Jan 18, 2019 | 7:43 AM

Both are valuable, but in certain circumstances, one may be better than the other.

For years, Canadians have been taking advantage of tax-deferred investment growth in their Registered Retirement Savings Plans (RRSPs). But now, the Tax-Free Savings Account (TFSA) provides Canadians 18 years of age and older with a valuable new opportunity to enjoy tax-free growth. Which one should be your choice?

There is no right or wrong answer. Both RRSPs and the TFSA are beneficial, and what’s best for you will depend on personal criteria. To help you decide, seek professional advice but you can start with considering the following:

Are your savings for short-term or a long-term goal? 

RRSPs were designed primarily to provide for a long-term goal – retirement. Because you get a tax deduction for contributing, withdrawals are usually taxable. (an advisor can help find a strategy that is best for you.)  Best case scenario is if withdrawals are made when you are no longer employed or retired and thus paying less income tax and at a lower rate.

However, the flexibility of the TFSA, can meet short-term goals more easily. While there is no deduction permitted for the contribution, any amount can be withdrawn, tax-free, at any time for any reason. In addition, you can re-contribute the full amount of your withdrawal in the same year as the withdrawal.

Effective ways to split income with your spouse who pays a lower tax rate than you? 

The TFSA is ideal for income-splitting. You can give your spouse money to contribute to their TFSA and any income earned is not attributed back to you. Your spouse can make tax-free withdrawals at any time.

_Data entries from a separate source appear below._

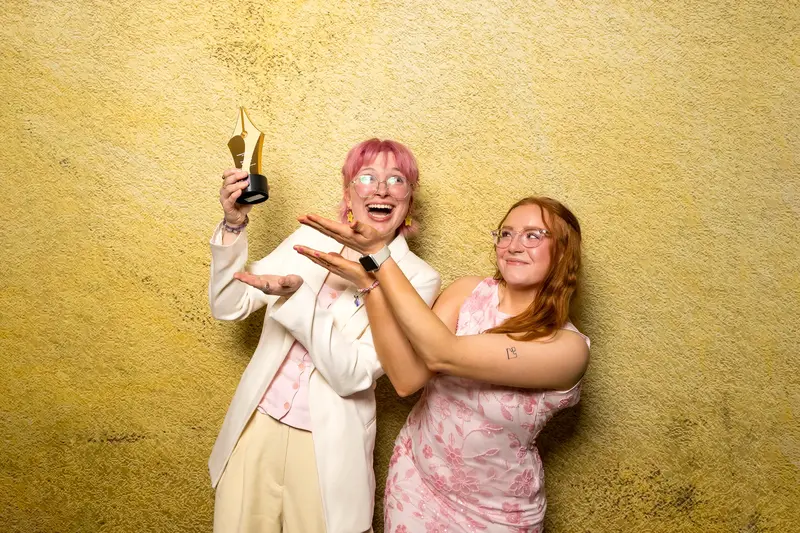 Caden Armstrong & Anna MacNeill (Book Lovers Bookshop) Winner of Independent Bookshop of the Year &copy; David Monteith Hodge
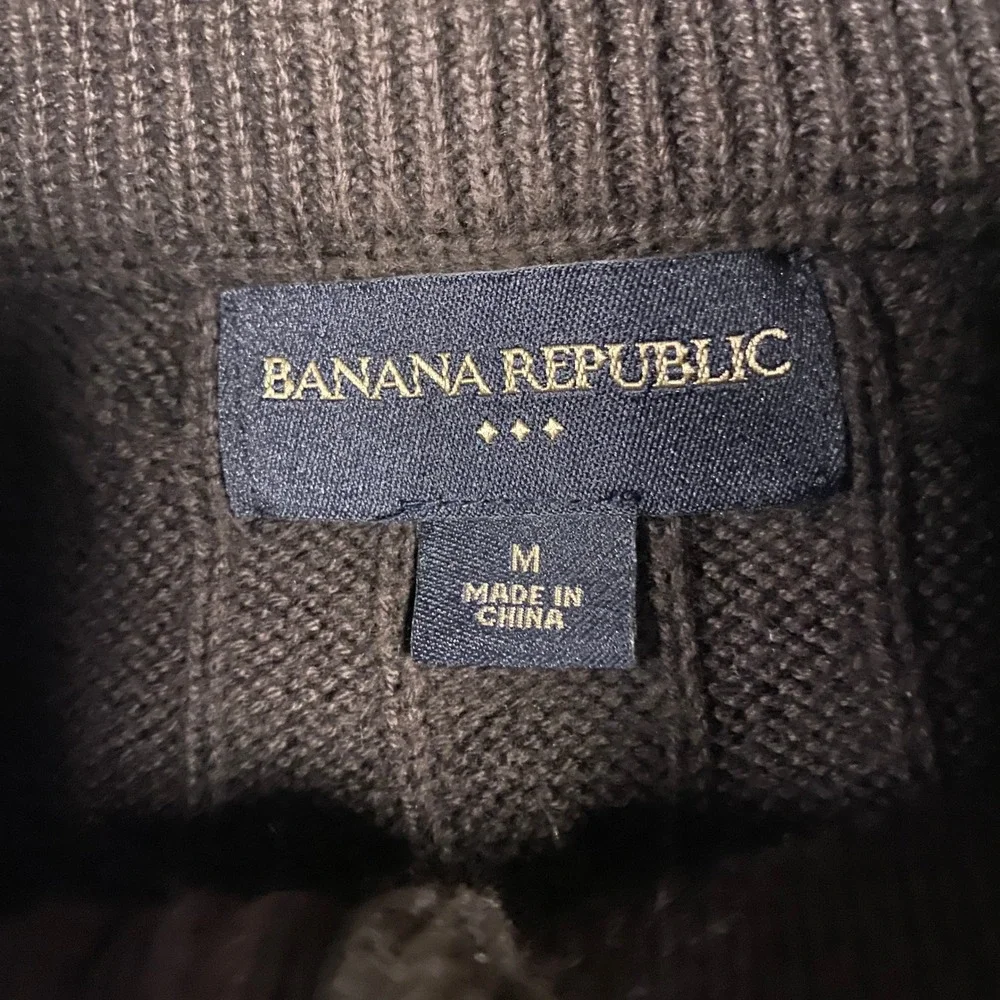 Banana Republic Sweater Mens Medium Brown Cable Knit Quarter Zip Cotton Pullover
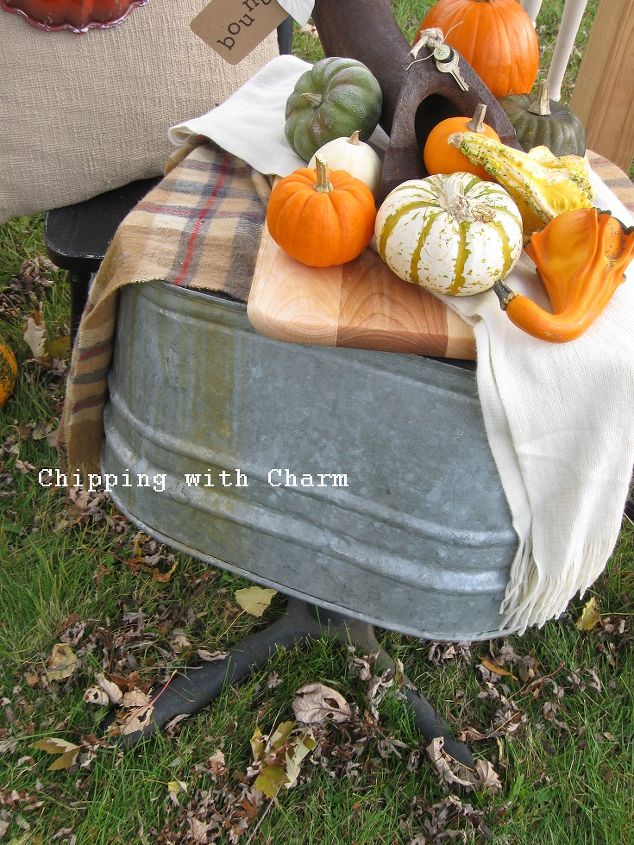 a junky fall vignette lots of re purposing fun, outdoor living, repurposing upcycling, seasonal holiday decor, I took it outside and arranged it on my wash tub turned outdoor table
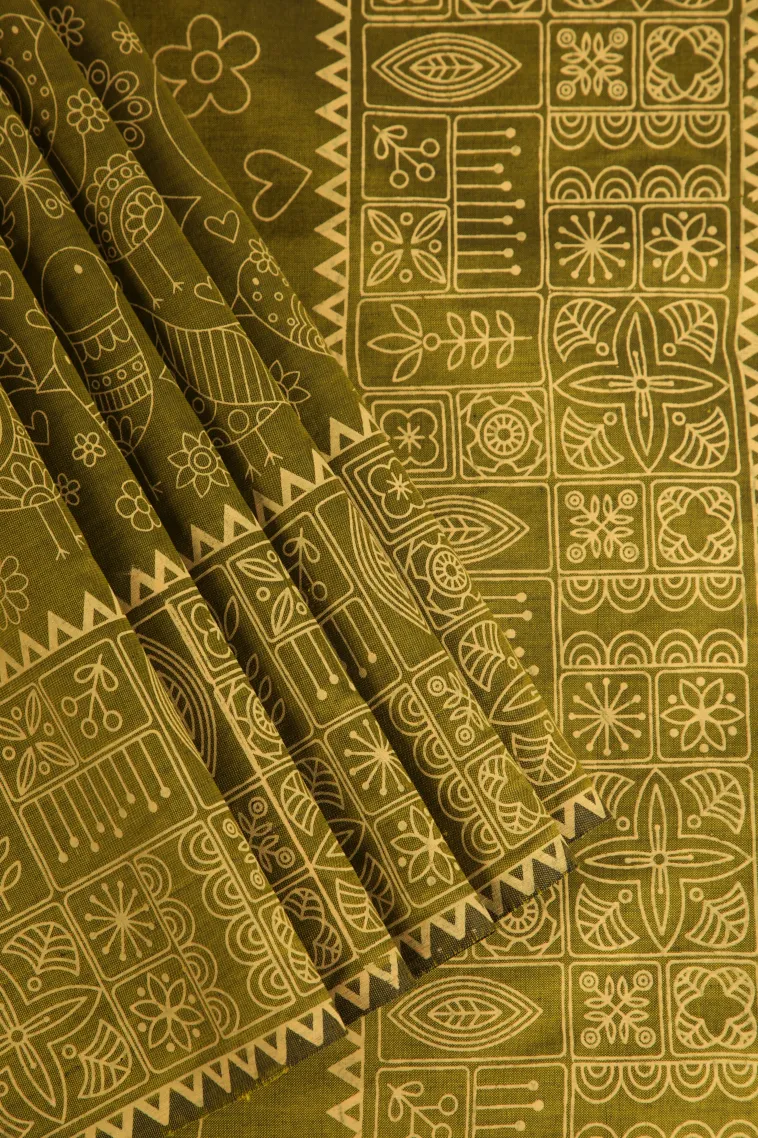 Metallic Gold Poly Cotton Sarees Without Zari With Floral Patterns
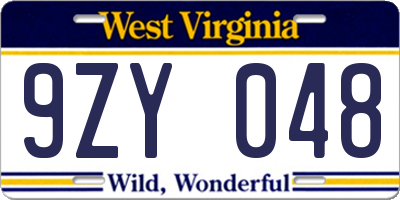 WV license plate 9ZY048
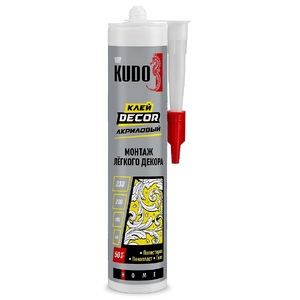 Клей KUDO HOME Decor для монтажа легкого декора, на акриловой основе, белый, 280 мл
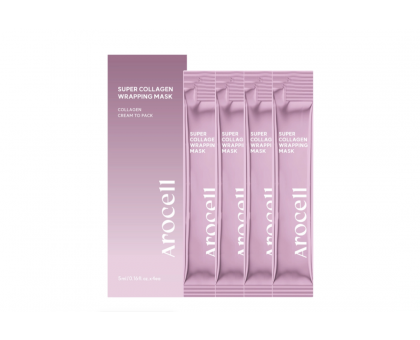 Коллагеновая маска-плёнка для сияния и гладкости кожи Arocell Super Collagen Wrapping Mask 5 гр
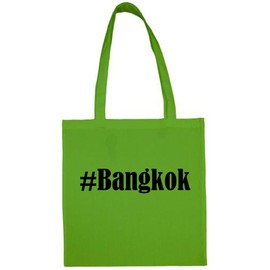 Social Network... # Bangkok Hashtag Tote Bag School Bag Gym Bag 38 x 42 cm in Pink Blue Green Grey Yellow Red Black White Beige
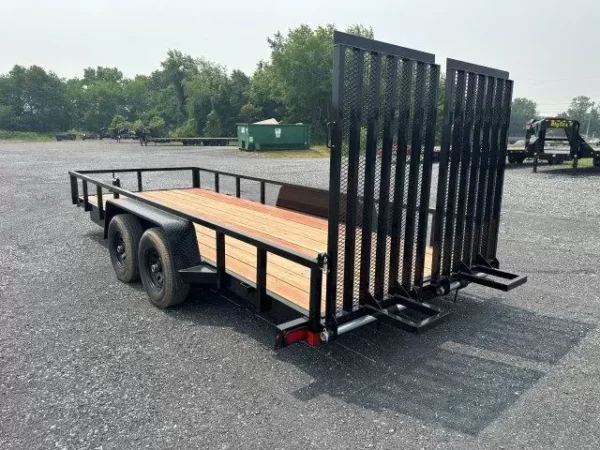 bwise 7 x 18 equipment trailer – split landscape ramp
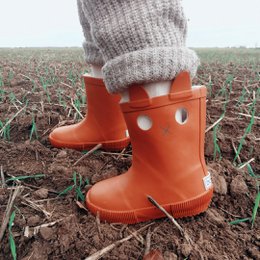 LOOKICAT Regenstiefel für Kinder, Ziegelstein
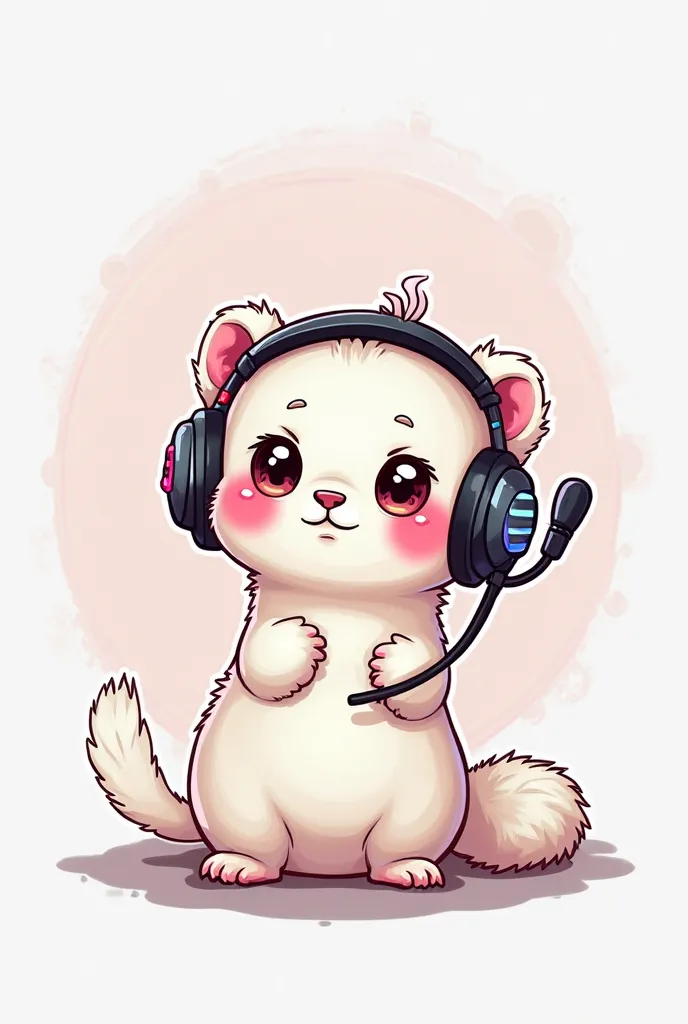 Make me a white chibi ferret with pink cheeks and a gaming headset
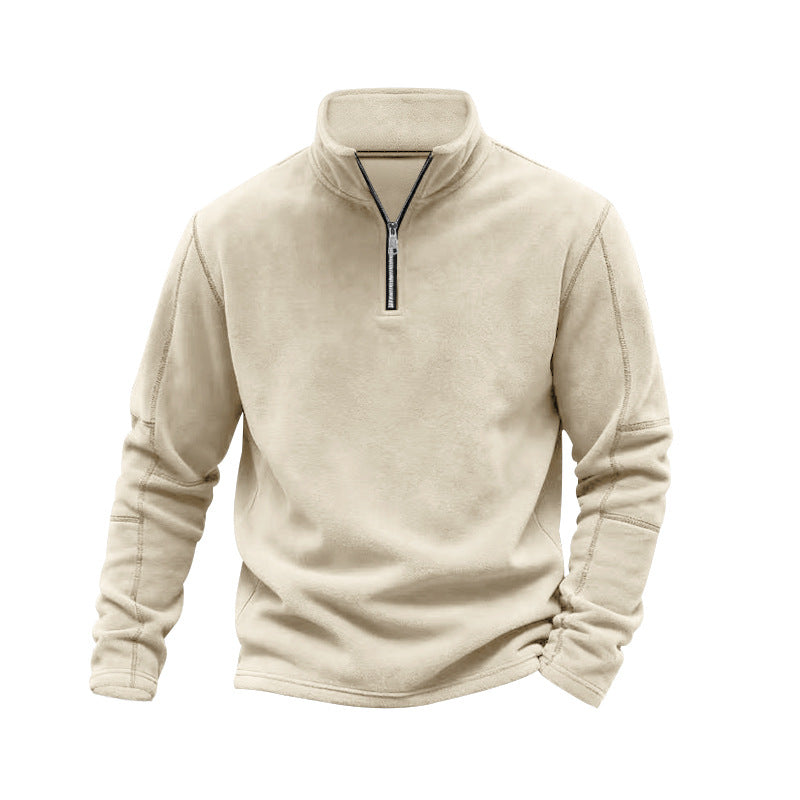 Herr Lätt Fleece Pullover med Halv Dragkedja och Ståkrage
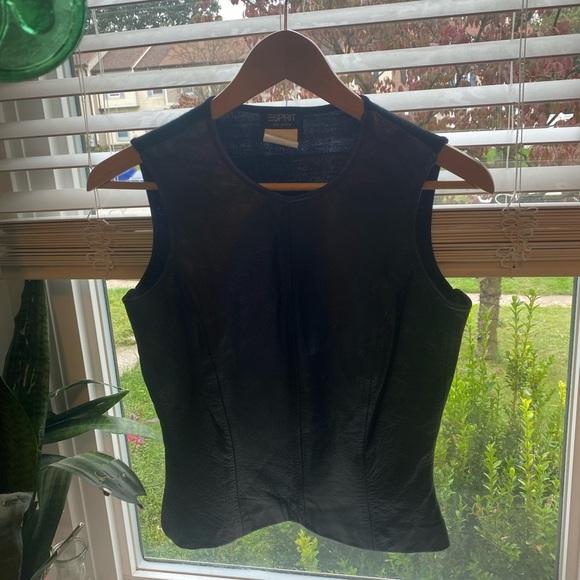 ESPRIT|| Vintage 100%Leather Camisole Blouse, No flaws with a knit back. - Picture 8 of 9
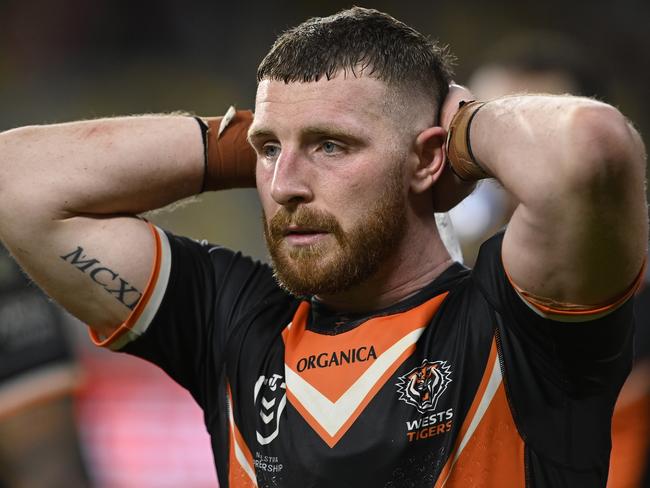 TOWNSVILLE, AUSTRALIA - JULY 24:  Jackson Hastings of the Tigers looks dejected after losing  the round 19 NRL match between the North Queensland Cowboys and the Wests Tigers at Qld Country Bank Stadium, on July 24, 2022, in Townsville, Australia. (Photo by Ian Hitchcock/Getty Images)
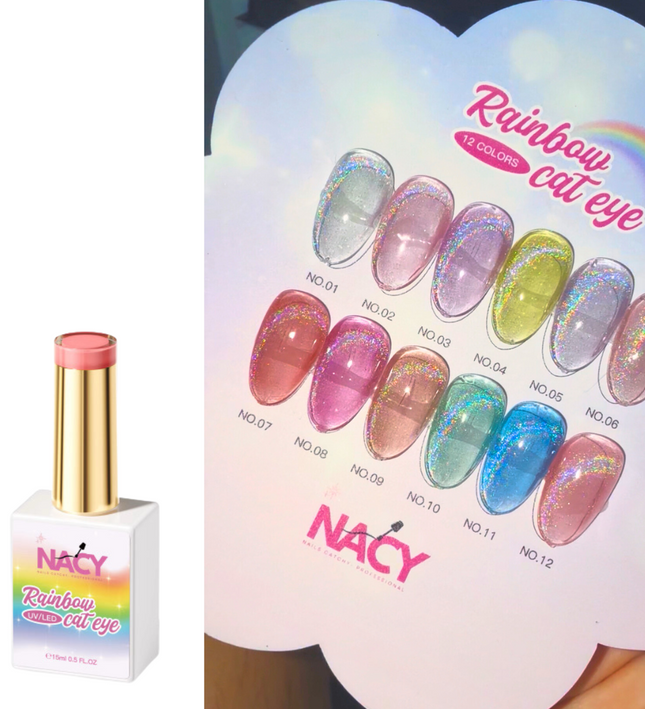 🌈 Nacy Rainbow 12 Colors Cat Eye Gel 0.5oz set/ Free Color Chart Display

A spousal RRSP, the contributions you make will reduce the amount you can contribute to your own RRSP. In addition, withdrawals from the spousal plan will be taxed in your hands if they are made in the same calendar year as a spousal contribution or either of the two subsequent calendar years. After that point, however, both the income earned on the initial contribution and any withdrawals made by your spouse will be taxable in his or her hands.